About the Author:
Bryher (1894-1983) wrote many critically acclaimed novels and memoirs during her lifetime. She was deeply involved in film, politics, and psychology. She funded Contact Editions, and edited Life and Letters To-day and the first English film journal, Close Up. She was the longtime companion of H.D., and a generous supporter of numerous writers, artists, psychoanalysts, and culture icons, including Marianne Moore, Sigmund Freud, Walter Benjamin, and Sylvia Beach of Shakespeare and Company.
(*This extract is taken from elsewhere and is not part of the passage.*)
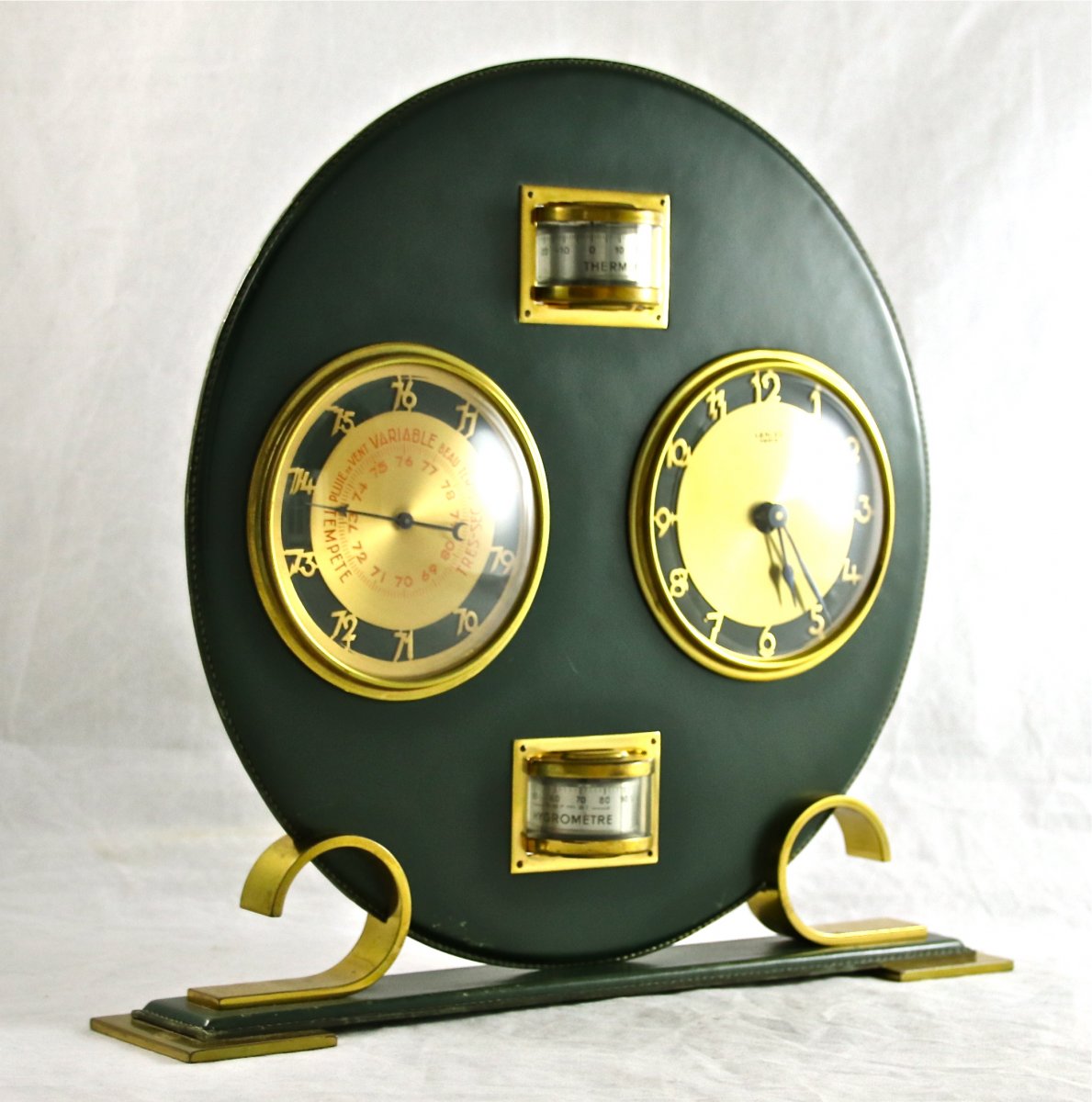 Lancel Clock Thermometer Barometer Leather 1950-photo-3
Patrick Gregory is an editor, translator, and the author of the novel The Dagguereotype. He is the son of poet, translator, and critic Horace Gregory and poet Marya Zaturenska, who were intimate friends with Bryher. He now lives in Northampton, MA and South Halifax, VT.
From Publishers Weekly:
An English novelist and patron of artists such as H.D., Bryher (Winifred Ellerman, 1894-1983) first published this beautifully realized story of a young Elizabethan actor's apprentice in 1953. After the death of James Sands's beloved Master Awsten, one of the Queen's Players who has taught Sands the rudiments of acting, Sands travels from Southwark, London and passes through a succession of employers. At a house in the country, he meets the summering playwright Francis Beaumont, in the process of writing his play Philaster. James wins the part of Bellario, the girl page disguised as a boy for love of Philaster, who in a curious royal menage-a-trois sends Bellario to serve his beloved Arethusa; James duly falls in love, unrequitedly, with Beaumont's virginal fiancee, Ursula. History intrudes offstage in the form of Sir Walter Ralegh's execution and the ascent of the Puritans, and James, now a clerk, becomes a kind of poignant anachronism, too delicate for the coarsening new age. Theatrical and romantically lyrical, Bryher's novel is a forgotten gem, channeling the servant boy's first person flawlessly.